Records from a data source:

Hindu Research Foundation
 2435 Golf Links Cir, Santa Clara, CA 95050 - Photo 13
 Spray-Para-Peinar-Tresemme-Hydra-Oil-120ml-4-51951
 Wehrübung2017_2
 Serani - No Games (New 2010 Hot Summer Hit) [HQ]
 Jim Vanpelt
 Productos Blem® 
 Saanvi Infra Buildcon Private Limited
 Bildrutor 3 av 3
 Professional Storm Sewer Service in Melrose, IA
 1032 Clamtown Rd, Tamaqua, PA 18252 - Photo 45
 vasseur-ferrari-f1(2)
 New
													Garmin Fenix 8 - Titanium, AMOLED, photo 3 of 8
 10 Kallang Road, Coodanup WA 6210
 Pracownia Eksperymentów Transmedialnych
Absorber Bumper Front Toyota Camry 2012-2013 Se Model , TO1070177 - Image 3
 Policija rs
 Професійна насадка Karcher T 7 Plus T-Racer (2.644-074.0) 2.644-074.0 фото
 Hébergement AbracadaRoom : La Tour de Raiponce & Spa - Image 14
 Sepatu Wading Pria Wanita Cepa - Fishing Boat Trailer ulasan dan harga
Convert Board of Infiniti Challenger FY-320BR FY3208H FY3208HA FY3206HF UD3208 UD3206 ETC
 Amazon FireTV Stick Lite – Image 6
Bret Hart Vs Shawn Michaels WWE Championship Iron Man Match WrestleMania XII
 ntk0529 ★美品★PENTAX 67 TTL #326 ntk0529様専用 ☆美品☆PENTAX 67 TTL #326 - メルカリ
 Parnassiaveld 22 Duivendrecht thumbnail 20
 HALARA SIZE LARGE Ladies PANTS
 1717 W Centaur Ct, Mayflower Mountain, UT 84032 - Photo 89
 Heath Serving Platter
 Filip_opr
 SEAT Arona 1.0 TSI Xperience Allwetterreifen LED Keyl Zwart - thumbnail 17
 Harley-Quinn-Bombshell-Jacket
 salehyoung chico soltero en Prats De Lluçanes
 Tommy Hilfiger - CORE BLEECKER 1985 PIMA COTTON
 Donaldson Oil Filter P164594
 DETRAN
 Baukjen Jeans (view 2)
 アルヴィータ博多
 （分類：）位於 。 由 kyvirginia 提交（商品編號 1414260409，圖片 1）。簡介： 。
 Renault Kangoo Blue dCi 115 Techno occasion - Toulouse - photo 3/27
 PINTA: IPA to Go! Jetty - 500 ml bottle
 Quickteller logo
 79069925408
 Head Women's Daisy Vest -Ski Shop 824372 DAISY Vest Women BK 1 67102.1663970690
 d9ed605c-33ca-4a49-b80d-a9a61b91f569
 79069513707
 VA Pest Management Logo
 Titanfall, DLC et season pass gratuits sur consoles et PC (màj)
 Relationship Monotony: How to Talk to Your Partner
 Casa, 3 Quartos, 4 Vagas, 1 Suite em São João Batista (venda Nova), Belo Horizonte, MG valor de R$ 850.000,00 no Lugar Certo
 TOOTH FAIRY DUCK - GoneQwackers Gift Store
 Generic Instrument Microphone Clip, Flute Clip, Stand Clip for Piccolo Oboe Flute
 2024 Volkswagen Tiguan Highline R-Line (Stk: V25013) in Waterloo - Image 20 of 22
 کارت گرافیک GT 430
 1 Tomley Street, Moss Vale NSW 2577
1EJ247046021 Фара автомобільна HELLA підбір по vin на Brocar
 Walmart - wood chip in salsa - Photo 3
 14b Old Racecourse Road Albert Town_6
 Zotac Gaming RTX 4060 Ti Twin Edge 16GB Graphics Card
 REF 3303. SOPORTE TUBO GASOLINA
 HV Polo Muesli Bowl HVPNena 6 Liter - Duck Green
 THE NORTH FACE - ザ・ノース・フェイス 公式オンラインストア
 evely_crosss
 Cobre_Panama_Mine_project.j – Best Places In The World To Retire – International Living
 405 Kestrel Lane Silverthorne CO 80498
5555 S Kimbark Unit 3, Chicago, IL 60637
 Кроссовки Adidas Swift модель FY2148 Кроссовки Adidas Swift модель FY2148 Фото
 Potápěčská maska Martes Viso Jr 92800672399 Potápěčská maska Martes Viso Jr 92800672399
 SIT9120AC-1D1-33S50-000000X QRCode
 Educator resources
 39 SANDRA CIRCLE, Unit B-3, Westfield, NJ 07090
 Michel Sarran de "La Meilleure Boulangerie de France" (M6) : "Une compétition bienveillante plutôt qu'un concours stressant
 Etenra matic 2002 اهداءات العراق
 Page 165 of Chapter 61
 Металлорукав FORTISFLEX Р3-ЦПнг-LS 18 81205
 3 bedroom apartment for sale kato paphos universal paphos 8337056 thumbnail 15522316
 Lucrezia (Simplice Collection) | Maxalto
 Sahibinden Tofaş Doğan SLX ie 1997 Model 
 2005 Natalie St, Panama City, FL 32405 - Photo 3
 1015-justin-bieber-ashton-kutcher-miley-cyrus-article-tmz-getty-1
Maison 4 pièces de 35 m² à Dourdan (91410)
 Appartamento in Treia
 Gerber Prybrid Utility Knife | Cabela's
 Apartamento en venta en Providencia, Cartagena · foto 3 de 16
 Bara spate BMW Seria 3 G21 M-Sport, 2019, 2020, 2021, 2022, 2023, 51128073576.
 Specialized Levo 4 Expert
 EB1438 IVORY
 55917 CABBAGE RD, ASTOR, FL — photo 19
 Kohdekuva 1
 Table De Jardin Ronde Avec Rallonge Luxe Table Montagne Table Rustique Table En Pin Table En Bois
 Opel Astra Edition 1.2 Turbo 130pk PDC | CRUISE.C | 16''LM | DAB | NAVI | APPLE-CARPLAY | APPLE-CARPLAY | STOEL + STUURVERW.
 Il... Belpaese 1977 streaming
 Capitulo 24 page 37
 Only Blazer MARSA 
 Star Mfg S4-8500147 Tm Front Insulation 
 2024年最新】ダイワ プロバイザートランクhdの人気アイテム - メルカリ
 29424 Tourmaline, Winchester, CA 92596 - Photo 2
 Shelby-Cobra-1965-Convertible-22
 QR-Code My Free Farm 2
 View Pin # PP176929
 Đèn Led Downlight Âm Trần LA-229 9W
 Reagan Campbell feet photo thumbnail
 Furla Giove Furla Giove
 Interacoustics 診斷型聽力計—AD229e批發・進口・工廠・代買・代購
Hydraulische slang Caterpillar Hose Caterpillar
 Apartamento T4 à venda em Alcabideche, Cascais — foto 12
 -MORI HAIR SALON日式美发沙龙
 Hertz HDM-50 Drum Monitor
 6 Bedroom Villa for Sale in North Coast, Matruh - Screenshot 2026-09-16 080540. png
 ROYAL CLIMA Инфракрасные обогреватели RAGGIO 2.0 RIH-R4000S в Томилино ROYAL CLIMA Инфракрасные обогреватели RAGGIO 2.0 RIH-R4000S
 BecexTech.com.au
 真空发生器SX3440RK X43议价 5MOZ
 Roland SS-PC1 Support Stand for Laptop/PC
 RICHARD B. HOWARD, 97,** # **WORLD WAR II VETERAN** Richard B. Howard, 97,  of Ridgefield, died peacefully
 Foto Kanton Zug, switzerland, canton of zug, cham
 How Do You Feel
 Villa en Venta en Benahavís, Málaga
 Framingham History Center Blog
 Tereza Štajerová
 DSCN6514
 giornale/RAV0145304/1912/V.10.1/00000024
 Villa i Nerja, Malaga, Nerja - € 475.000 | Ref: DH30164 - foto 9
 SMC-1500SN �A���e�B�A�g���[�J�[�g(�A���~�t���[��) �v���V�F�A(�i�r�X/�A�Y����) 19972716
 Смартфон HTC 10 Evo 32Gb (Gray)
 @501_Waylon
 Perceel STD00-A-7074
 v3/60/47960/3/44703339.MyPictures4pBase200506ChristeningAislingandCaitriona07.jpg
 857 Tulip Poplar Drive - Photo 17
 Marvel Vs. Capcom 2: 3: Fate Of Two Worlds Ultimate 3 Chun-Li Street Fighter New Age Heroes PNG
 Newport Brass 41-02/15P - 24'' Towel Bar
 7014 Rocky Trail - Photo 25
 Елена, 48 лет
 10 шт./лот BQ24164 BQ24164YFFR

What is needed. Once you find the line with "EB1438 IVORY" in the entries above, output it and each line after it up to and including the line with "Елена, 48 лет", and nothing else.

Answer to the exercise.
 EB1438 IVORY
 55917 CABBAGE RD, ASTOR, FL — photo 19
 Kohdekuva 1
 Table De Jardin Ronde Avec Rallonge Luxe Table Montagne Table Rustique Table En Pin Table En Bois
 Opel Astra Edition 1.2 Turbo 130pk PDC | CRUISE.C | 16''LM | DAB | NAVI | APPLE-CARPLAY | APPLE-CARPLAY | STOEL + STUURVERW.
 Il... Belpaese 1977 streaming
 Capitulo 24 page 37
 Only Blazer MARSA 
 Star Mfg S4-8500147 Tm Front Insulation 
 2024年最新】ダイワ プロバイザートランクhdの人気アイテム - メルカリ
 29424 Tourmaline, Winchester, CA 92596 - Photo 2
 Shelby-Cobra-1965-Convertible-22
 QR-Code My Free Farm 2
 View Pin # PP176929
 Đèn Led Downlight Âm Trần LA-229 9W
 Reagan Campbell feet photo thumbnail
 Furla Giove Furla Giove
 Interacoustics 診斷型聽力計—AD229e批發・進口・工廠・代買・代購
Hydraulische slang Caterpillar Hose Caterpillar
 Apartamento T4 à venda em Alcabideche, Cascais — foto 12
 -MORI HAIR SALON日式美发沙龙
 Hertz HDM-50 Drum Monitor
 6 Bedroom Villa for Sale in North Coast, Matruh - Screenshot 2026-09-16 080540. png
 ROYAL CLIMA Инфракрасные обогреватели RAGGIO 2.0 RIH-R4000S в Томилино ROYAL CLIMA Инфракрасные обогреватели RAGGIO 2.0 RIH-R4000S
 BecexTech.com.au
 真空发生器SX3440RK X43议价 5MOZ
 Roland SS-PC1 Support Stand for Laptop/PC
 RICHARD B. HOWARD, 97,** # **WORLD WAR II VETERAN** Richard B. Howard, 97,  of Ridgefield, died peacefully
 Foto Kanton Zug, switzerland, canton of zug, cham
 How Do You Feel
 Villa en Venta en Benahavís, Málaga
 Framingham History Center Blog
 Tereza Štajerová
 DSCN6514
 giornale/RAV0145304/1912/V.10.1/00000024
 Villa i Nerja, Malaga, Nerja - € 475.000 | Ref: DH30164 - foto 9
 SMC-1500SN �A���e�B�A�g���[�J�[�g(�A���~�t���[��) �v���V�F�A(�i�r�X/�A�Y����) 19972716
 Смартфон HTC 10 Evo 32Gb (Gray)
 @501_Waylon
 Perceel STD00-A-7074
 v3/60/47960/3/44703339.MyPictures4pBase200506ChristeningAislingandCaitriona07.jpg
 857 Tulip Poplar Drive - Photo 17
 Marvel Vs. Capcom 2: 3: Fate Of Two Worlds Ultimate 3 Chun-Li Street Fighter New Age Heroes PNG
 Newport Brass 41-02/15P - 24'' Towel Bar
 7014 Rocky Trail - Photo 25
 Елена, 48 лет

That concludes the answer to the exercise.